Improvisational comedy, or just improv, is theater that is made up on the spot without scripts. Improv shows range from a series of short comedic games to fully improvised plays. The goal of improv is (usually) to be comedic. The comedy often comes from improvisers being truthful, creative, and able to respond in the moment.
I have used improvisational comedy games and exercises in just about every course I have ever taught, ranging from Precalculus at a large public university to a senior capstone at my current small liberal arts institution. My early teaching experiences as a graduate student at the University of Texas coincided with my newly found hobby of performing improv comedy at The Hideout Theatre in downtown Austin. Very quickly, I realized that the fundamental tenets of improv–say “Yes, And,” be supportive of fellow players, react “in the moment,”–were all applicable to the dynamics I wanted to create in my math courses.

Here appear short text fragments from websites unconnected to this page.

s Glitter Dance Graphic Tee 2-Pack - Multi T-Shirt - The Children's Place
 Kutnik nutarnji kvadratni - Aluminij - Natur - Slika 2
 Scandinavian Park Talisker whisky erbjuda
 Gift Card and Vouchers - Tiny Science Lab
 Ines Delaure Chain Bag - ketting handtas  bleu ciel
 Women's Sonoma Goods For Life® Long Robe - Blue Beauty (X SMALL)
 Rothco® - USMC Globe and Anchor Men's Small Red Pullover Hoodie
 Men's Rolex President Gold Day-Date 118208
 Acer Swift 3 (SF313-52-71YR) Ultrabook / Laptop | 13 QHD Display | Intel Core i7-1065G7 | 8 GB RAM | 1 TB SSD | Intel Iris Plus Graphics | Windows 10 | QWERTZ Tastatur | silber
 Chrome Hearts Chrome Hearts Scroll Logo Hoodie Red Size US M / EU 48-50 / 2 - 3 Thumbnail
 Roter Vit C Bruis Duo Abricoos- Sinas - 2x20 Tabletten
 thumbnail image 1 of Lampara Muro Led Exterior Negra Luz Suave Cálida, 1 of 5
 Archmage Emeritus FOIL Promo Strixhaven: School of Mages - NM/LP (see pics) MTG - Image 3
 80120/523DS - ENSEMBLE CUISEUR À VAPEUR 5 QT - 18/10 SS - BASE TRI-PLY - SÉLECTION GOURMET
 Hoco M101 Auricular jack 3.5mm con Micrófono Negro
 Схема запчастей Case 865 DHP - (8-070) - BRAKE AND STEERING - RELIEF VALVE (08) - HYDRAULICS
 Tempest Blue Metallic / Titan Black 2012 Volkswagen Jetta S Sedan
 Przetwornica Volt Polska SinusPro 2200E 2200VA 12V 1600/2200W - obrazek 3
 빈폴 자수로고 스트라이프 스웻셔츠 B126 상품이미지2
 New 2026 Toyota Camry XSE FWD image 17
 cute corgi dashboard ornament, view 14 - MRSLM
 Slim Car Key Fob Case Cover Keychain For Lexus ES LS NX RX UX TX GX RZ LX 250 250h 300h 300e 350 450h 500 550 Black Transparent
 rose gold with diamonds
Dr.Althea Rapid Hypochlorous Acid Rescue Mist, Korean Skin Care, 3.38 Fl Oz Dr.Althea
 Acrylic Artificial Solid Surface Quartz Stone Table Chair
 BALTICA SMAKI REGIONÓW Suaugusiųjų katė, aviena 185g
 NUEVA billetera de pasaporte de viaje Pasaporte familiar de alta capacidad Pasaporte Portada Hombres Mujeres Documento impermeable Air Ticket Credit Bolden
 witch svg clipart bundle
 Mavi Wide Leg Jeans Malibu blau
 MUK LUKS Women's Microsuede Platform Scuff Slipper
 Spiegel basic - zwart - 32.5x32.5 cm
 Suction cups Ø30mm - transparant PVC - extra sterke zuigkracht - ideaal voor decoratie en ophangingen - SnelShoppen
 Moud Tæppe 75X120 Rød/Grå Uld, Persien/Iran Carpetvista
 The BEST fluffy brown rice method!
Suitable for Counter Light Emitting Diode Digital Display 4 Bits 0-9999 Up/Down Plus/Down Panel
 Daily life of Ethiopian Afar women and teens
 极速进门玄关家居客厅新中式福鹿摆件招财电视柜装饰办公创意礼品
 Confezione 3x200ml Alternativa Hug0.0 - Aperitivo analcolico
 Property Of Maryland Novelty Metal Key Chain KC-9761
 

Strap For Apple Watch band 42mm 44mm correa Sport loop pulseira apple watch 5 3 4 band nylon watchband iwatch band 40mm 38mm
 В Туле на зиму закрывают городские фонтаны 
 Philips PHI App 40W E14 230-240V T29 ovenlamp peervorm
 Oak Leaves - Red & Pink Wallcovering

Over the years, I have developed my identity as a teacher who uses active learning techniques, such as inquiry-based learning and flipped classrooms. These teaching paradigms require a lot of student participation, creativity, and risk-taking. (Asking students to really DO math in front of each other is a hard thing I ask of them!) Using improv exercises has allowed me to get at these meta-skills in a novel way. I have seen groups of students support each other during an improv warm-up and then apply that support to feedback during an inquiry-based learning session. I have seen shy students participate loudly during an improv exercise and then volunteer to present a Calculus problem on the board. I have seen my research students use improv games to bond and to calm their nerves before their first major conference presentation.
I am a believer in the power of improv to improve our students’ abilities to work together, to be creative, and to problem solve. I am also a believer that the lessons learned from studying improv can make us all better communicators and better mathematicians. I hope that the resources on this site inspire you to try some improv in your classes.